**About this task:** Going down the listing below, print exactly each line from the one with "パレ・シェール芦屋東山 外観 外観" up to and including the one with "Dagueloire Holiday home", and skip the rest.

**Materials provided:**

== == ==

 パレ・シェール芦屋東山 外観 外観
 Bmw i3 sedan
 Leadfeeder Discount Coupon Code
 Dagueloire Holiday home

== == ==

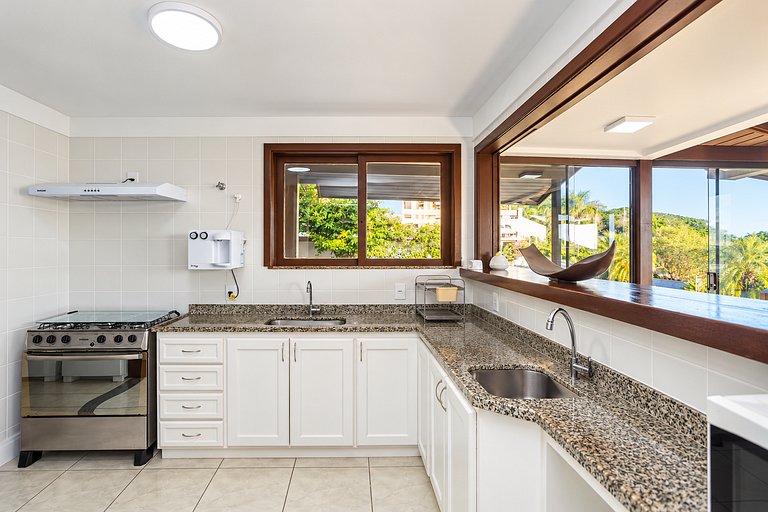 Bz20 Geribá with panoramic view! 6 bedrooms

== == ==

**Exercise solution:**
 パレ・シェール芦屋東山 外観 外観
 Bmw i3 sedan
 Leadfeeder Discount Coupon Code
 Dagueloire Holiday home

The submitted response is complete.